An additional point of methodological concern is the nonreplication of certain findings within the literature. For instance, one study (Beaman & Williams, 2013) found that several detailed results deviated from their prior work—for instance, a failure to identify any individual differences factors to explain the frequency of INMI reports (Beaman & Williams, 2010). Such anomalies may result from the fact that few studies have used standardized measures to quantify INMI and its phenomenology. It appears that small changes in a survey’s wording may quickly render single-item responses incomparable across studies. This is made more complicated by the fact that not all studies have fully disclosed the instructions, survey instruments, and experience sampling forms they have used to manipulate and measure INMI. Fortunately, a standardized survey instrument for INMI has recently been proposed (Floridou et al., 2015) and already adopted by other researchers (see Cotter et al., 2016; Farrugia et al., 2015), which may help to address this source of methodological variation. This survey utilizes scales rather than individual items, which further reduces variation in the measured dimension. It is also important that self-report instruments do not presume an either–or relationship between even closely related activities of music listening and imaging, as both may occur simultaneously (Bailes, 2007).

Emerging research themes

Beyond summarizing the methodological approaches, a primary aim of this review was to categorize the research questions interrogated in INMI research. These were grouped under four themes, as follows:

  1. 1.

    Phenomenology of INMI

  2. 2.

    Dynamics of INMI

  3. 3.

    Individual differences in INMI

  4. 4.

    Musical features of INMI

The studies considering phenomenology examined questions on INMI’s existence: What are the experiences like in quantitative and qualitative terms? The dynamics of INMI theme refers to research that investigates how INMI experiences emerge, are maintained, or terminate; such investigations are typically made possible through experimental manipulations. A further step is taken in studies of individual differences, which attempt to reveal systematic differences in the phenomenology or dynamics of INMI between people. The fourth included theme is a distinct question on the importance of the features of the music in evoking INMI.

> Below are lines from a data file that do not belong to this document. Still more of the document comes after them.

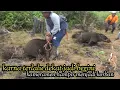 Download Lagu KEJADIAN SANGAT LANGKA!! 1 DARI SATU JUTA KEMUNGKINAN, PEMBURU DITABRAK RAJA BABI HUTAN #porbisumbar
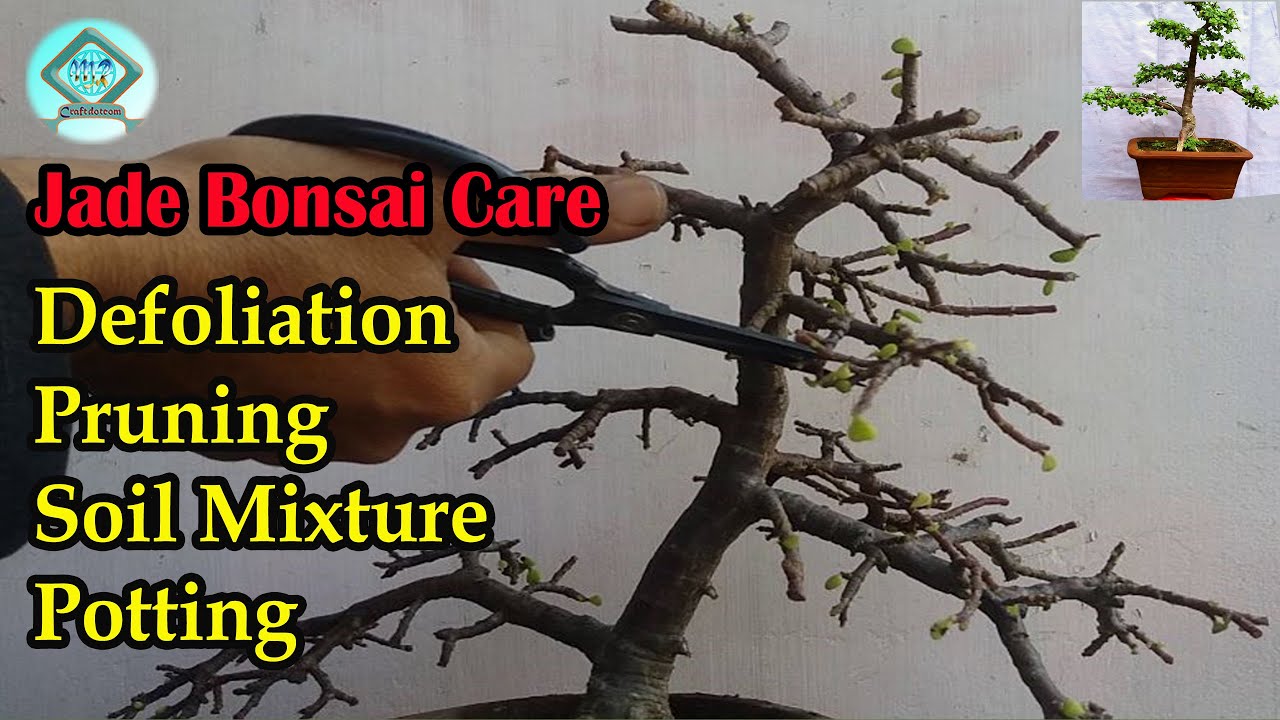 Jade Bonsai Defoliation জেড বনসাই ডিফলিয়েশন Jade Bonsai Care How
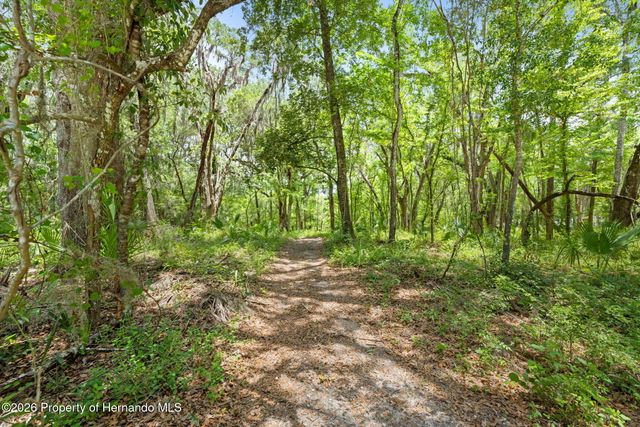 0 Ricebird Avenue, Weeki Wachee, FL 34614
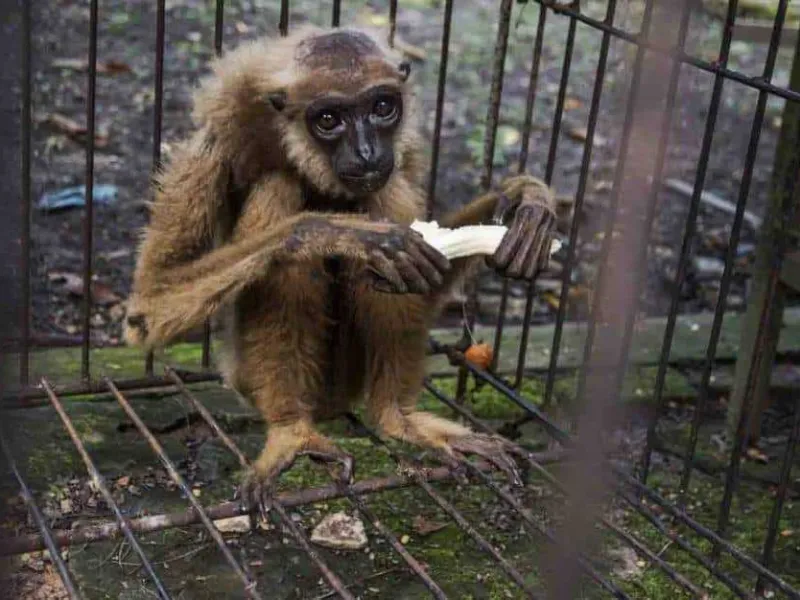 BBKSDA Riau Evakuasi Owa Ungko yang Dipelihara Warga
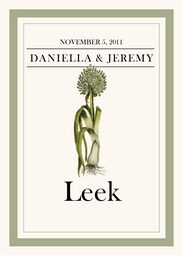 Fruit, Vegetables, Nuts & Grains  Table Names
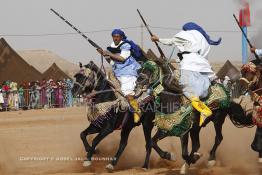 Image du Maroc Professionnelle de  Course typiquement marocaine dite ''la Fantasia'' organisé dans un site désertique sur lequel la ville de Tan Tan a toujours accueilli la majorité des tribus et des grandes familles nomades du désert lors d'un grand moussem, Samedi 24 Mars 2012. (Photo / Abdeljalil Bounhar)

 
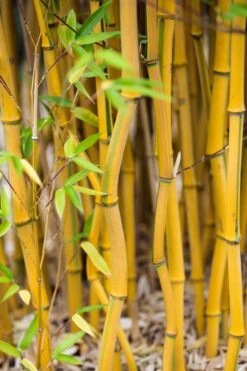 Green Groove Golden Bamboo - Phyllostachys Aureosulcata 'Spectabilis' - 3 Gallon Pot (2-4') -Plantify Shop Bamboo Spectabilis 17 1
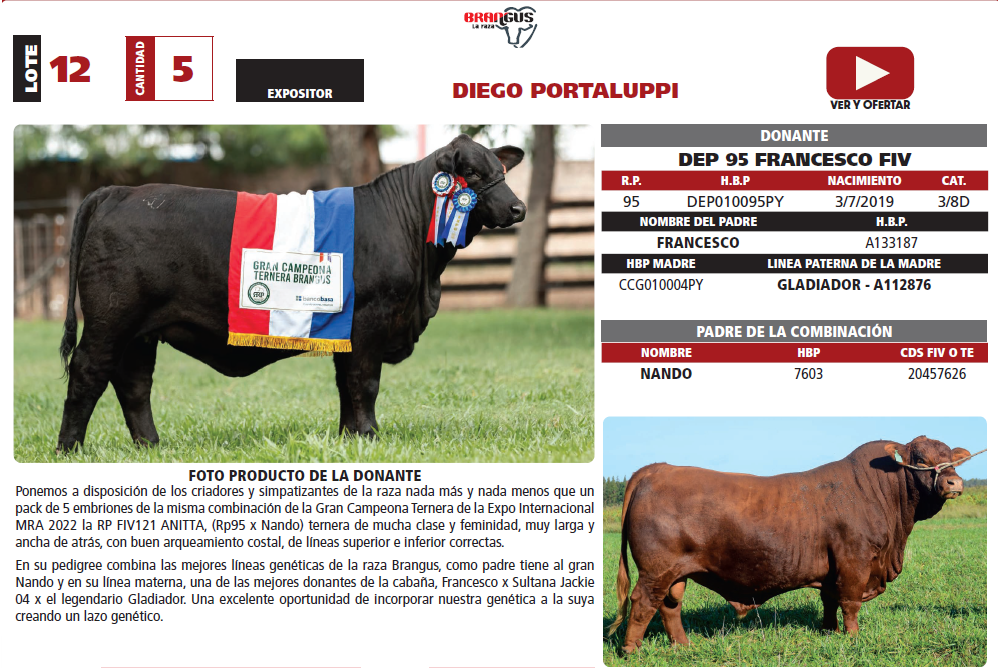 Lote LOTE 12
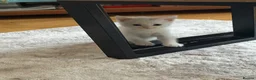 Mixed Breed cats for sale: Ragdoll X 2 longhair Blk and white ready now  - Advert 15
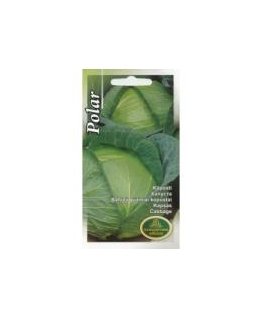 Polar box 460ml, grey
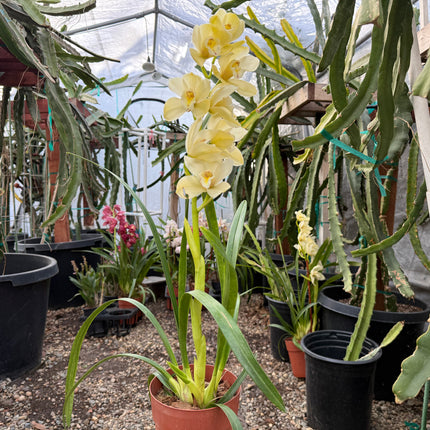 Cymbidium Foxfire Mini Pharaoh 'Malcome' cross hybrid live plant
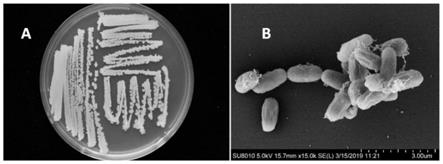 一株解淀粉芽孢杆菌及其应用的制作方法
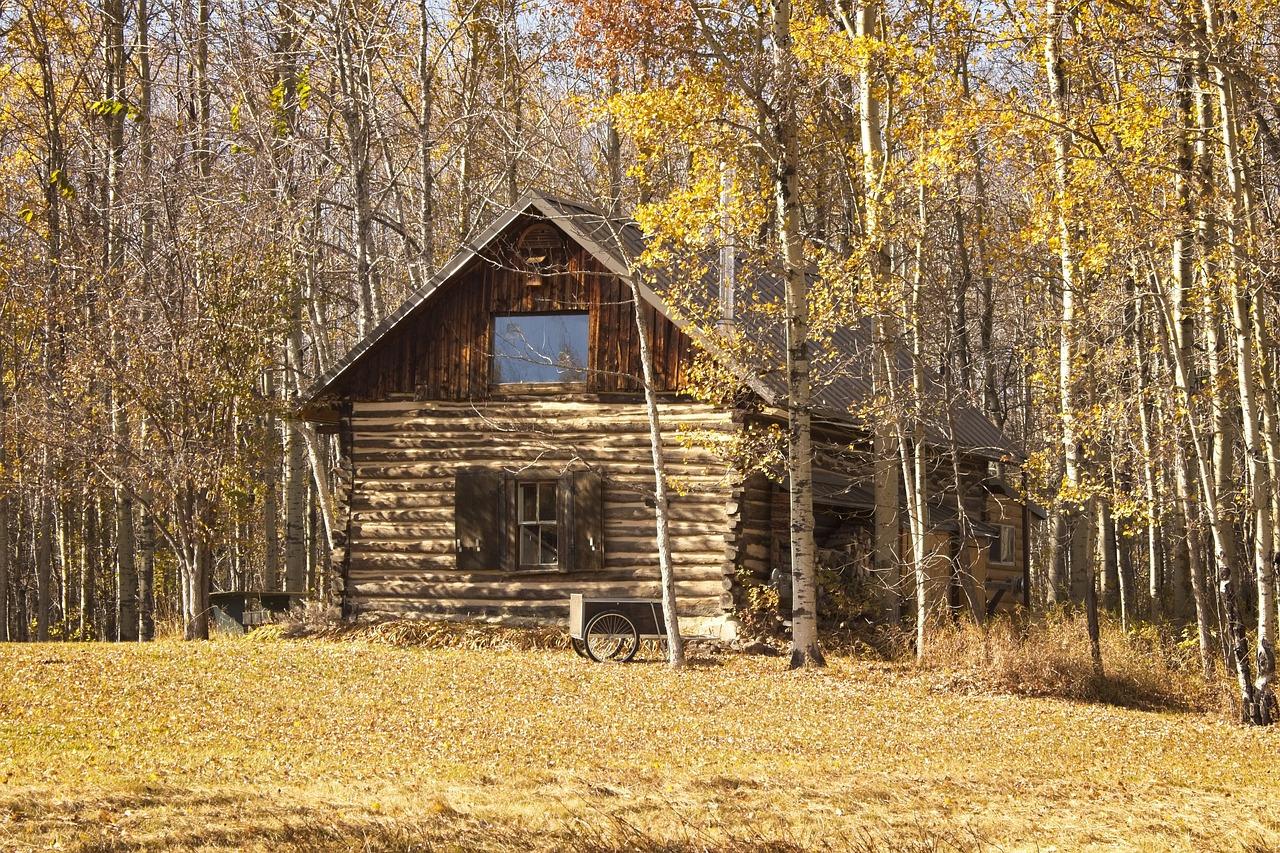 old cabin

A quantitative assessment of the research themes shows that phenomenology is by far the most studied theme, followed by dynamics (see Fig. 4). The remaining two themes were covered in around one quarter of the studies. The following sections synthesize the findings under each theme.

Fig. 4
figure 4

Research themes in the reviewed studies

Phenomenology of INMI

Studies of INMI phenomenology describe the characteristics and subjective experience of INMI. These descriptions have been predominantly quantitative and aggregated, with only a few exceptions describing individual experiences (Brown, 2006; Hemming & Merrill, 2015; Williamson & Jilka, 2014).

Four measures have been widely adopted to describe INMI: frequency, duration, veridicality, and subjective pleasantness. Frequency is the measure that appears in most publications. The simplest frequency measure is a binary indication of whether an INMI episode has been experienced or not.

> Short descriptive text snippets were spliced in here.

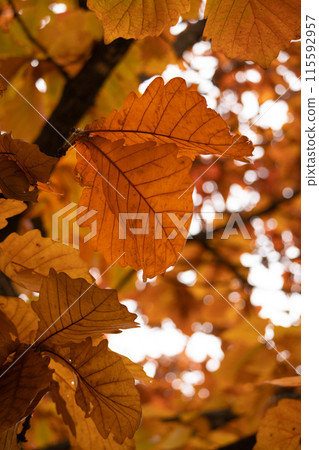 秋天的柏⑤ 115592957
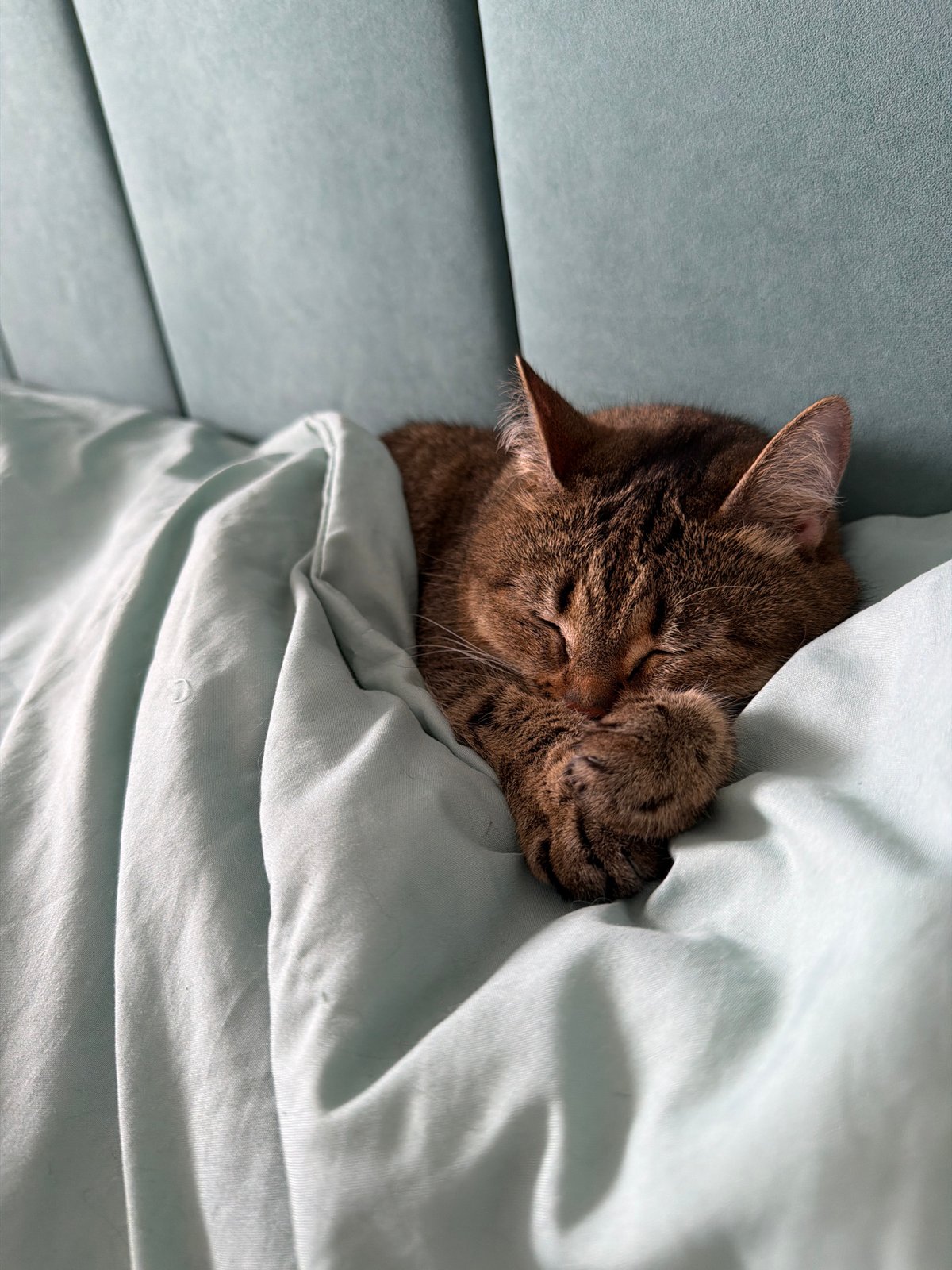 Quiet morning scenes with sleeping cat documented in Chaikovsky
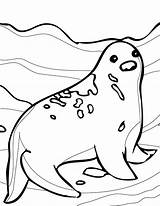 Coloring Seal Pages Ringed Arctic Animals Animal Awesome Antarctica Humpback Whale Harp Baby Drawing Jam Fox Getcolorings Nice Getdrawings Kids sketch template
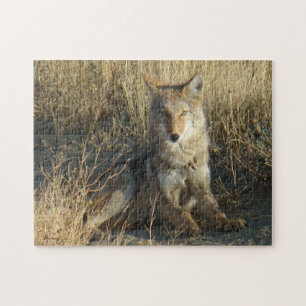 R15 Coyote Lay Puzzle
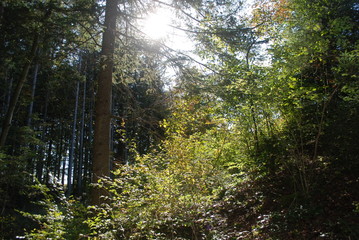 unberührter Wald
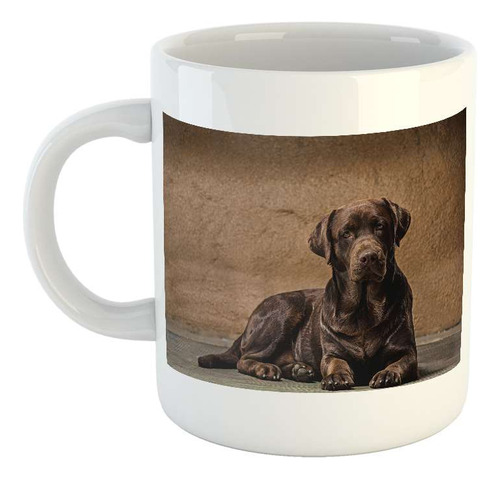 Taza Ceramica Perros 11 Labrador Sombrero Botella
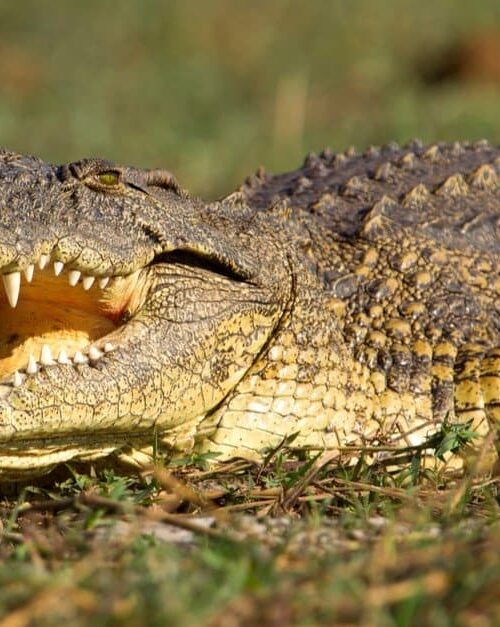 5 Fascinating Facts About the Nile Crocodile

Global recognition and frequency of INMI

Several studies indicate that people across the English-speaking world recognize INMI and spontaneously and publicly discuss their INMI experiences (Liikkanen et al., 2015; Williamson et al., 2012). Similar evidence can be found in French, German, and Finnish language-speaking countries (Hemming, 2008; Liikkanen, 2012c; McNally-Gagnon, 2016).

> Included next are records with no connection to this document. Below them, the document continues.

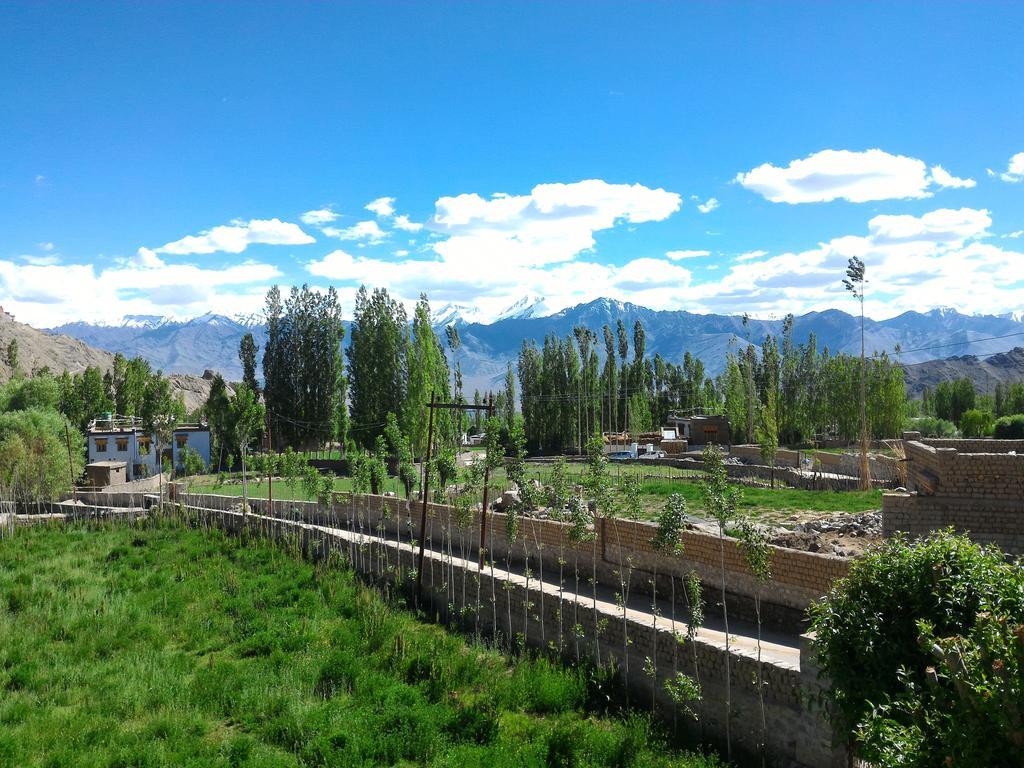 Heschuk Guest House Leh Buitenkant foto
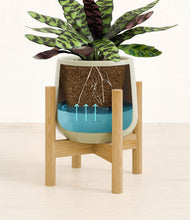 Load image into Gallery viewer, Turquoise stand:bamboo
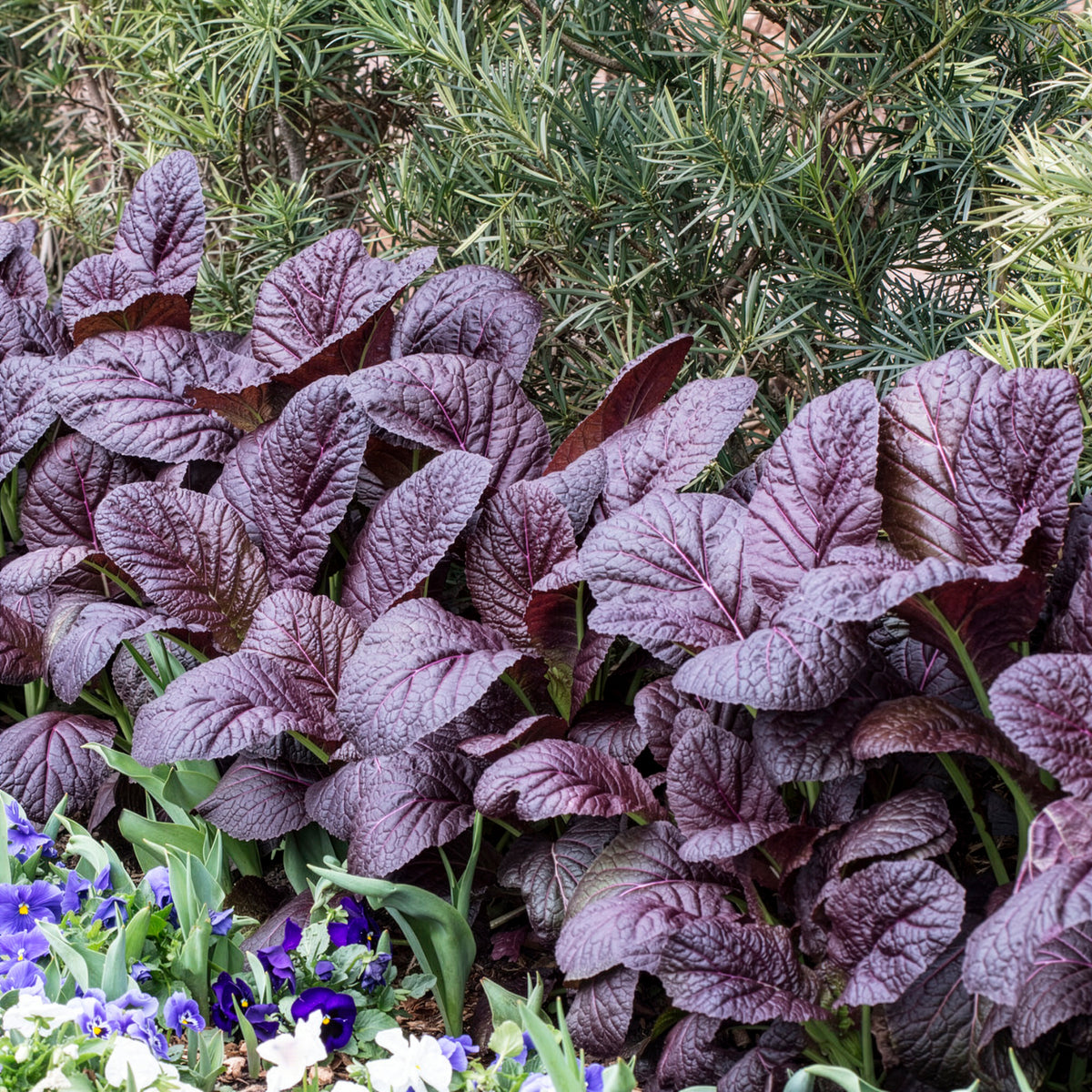 Bladkool 'Red Giant' - BIO - Brassica juncea integrifolia red giant - Willemse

In a study of Twitter users’ INMI experiences, Liikkanen et al. (2015) collated 80,620 short social media messages known as tweets (see http://twitter.com/about) using a keyword search to isolate possible INMI-related content. Twenty-eight percent of the data were classified as reports of ongoing or past INMI experiences. These tweets came from 173 countries, indicating that English-speaking people across the world spontaneously report INMI experiences.

The most comprehensive accounts of INMI frequency are based on retrospective reporting. Liikkanen (2012c) reported that INMI was experienced at least every week by 92% of the Finnish respondents in a large, Internet-based sample (N = 11,910), as shown in Fig. 5. No large-scale studies have since tried to replicate this finding (see, e.g., Floridou et al., 2015; Müllensiefen et al., 2014, for smaller scale replications).

Fig. 5
figure 5

Self-reported frequency of INMI among women (N = 8,144) and men (N = 3,766). Error bars show 99% confidence intervals. An asterisk (*) denotes statistically significant differences between sexes (p < .01). Adapted from Liikkanen (2012c)

ESM studies also support the idea of frequent INMI experiences. The prevalence of episodes occurring at the time of probe ranges from 17% in a study of general musical imagery experiences (Beaty et al., 2013) to 47% in a study of INMI in particular (Floridou & Müllensiefen, 2015). This gives further credibility to the claims about the commonality of the phenomenon, at least among Western people.

Duration of INMI episodes

Estimating INMI duration via retrospective self-report methods can be problematic, and thus confident reports on this topic are few. In a novel instance of INMI duration measurement in an experimental setting (Moeck, Hyman, & Takarangi, 2018), participants were asked to hold down the computer keyboard space bar throughout the duration of any INMI episodes that they experienced, releasing it at the end of each episode. Individual INMI episodes lasted less than 10 seconds on average, and multiple episodes accumulated during a 5-minute thought-monitoring period lasted a mean duration of 44 seconds altogether.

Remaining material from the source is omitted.